**EXERCISE AIM**: An exact copy of the listing is required, with its pictures removed.

**DATASET SECTION**:
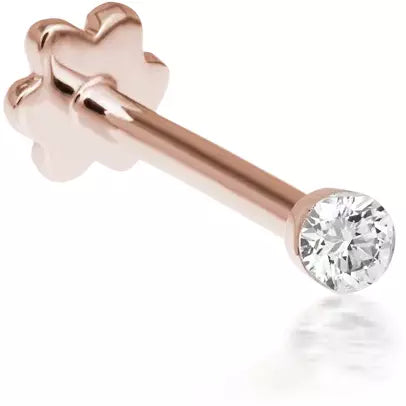 Rose Gold Invisible Set Diamond Threaded Stud Earring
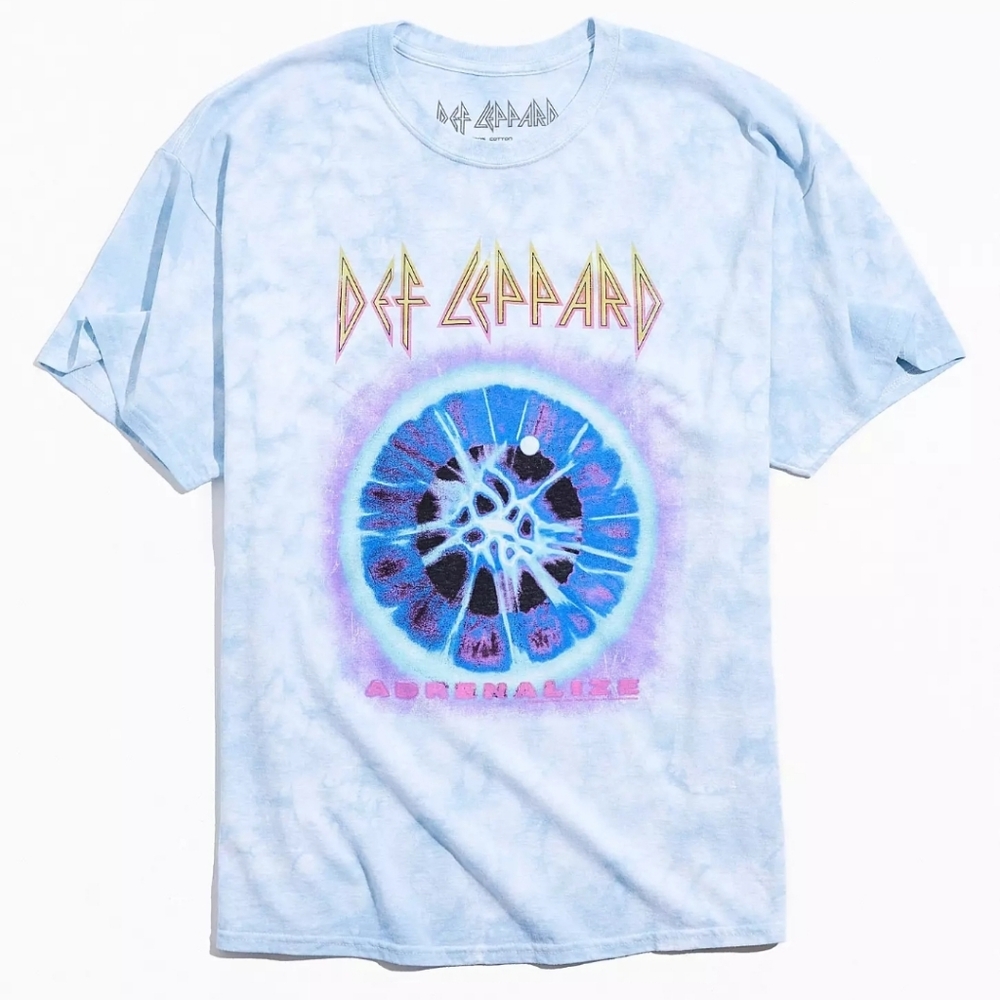 Urban Outfitters Large Def Leppard Tee Blue Sky Tie Dye Oversized Vintage Band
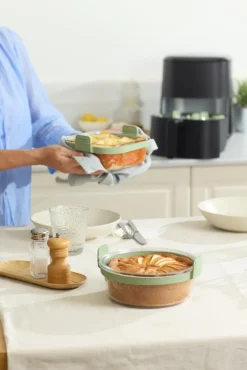 Lékué Air Fryer lasiastia pyöreä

**THE ANSWER**:
 Rose Gold Invisible Set Diamond Threaded Stud Earring
 Urban Outfitters Large Def Leppard Tee Blue Sky Tie Dye Oversized Vintage Band
 Lékué Air Fryer lasiastia pyöreä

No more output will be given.